:: WHAT THIS TASK INVOLVES ::
For the records below, copy exactly the span that begins at the line containing "Black and whit low top Dunks" and stops after the line containing "Hand using a", minus any pictures.

:: INPUT DATA ::
○ ○ ○ ○ ○

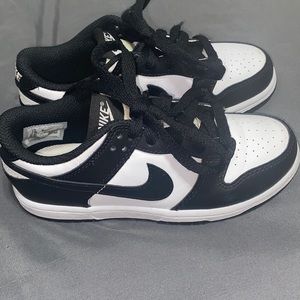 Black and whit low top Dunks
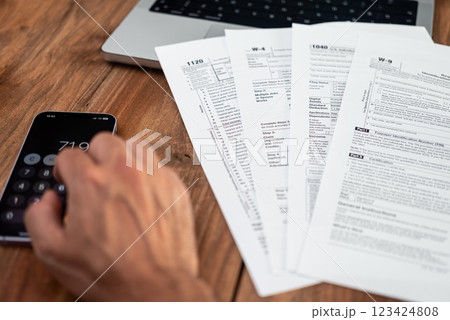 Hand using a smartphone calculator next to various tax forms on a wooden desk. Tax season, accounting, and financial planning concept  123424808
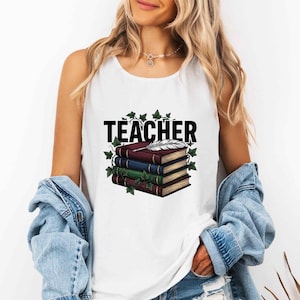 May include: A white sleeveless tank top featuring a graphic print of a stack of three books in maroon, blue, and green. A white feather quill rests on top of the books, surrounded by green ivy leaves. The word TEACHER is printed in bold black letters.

○ ○ ○ ○ ○

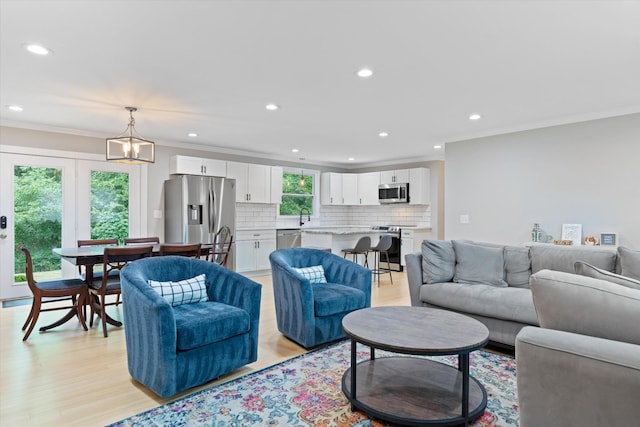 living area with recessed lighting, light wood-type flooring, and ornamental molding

○ ○ ○ ○ ○

:: OUTPUT FOR THIS EXERCISE ::
 Black and whit low top Dunks
 Hand using a smartphone calculator next to various tax forms on a wooden desk. Tax season, accounting, and financial planning concept  123424808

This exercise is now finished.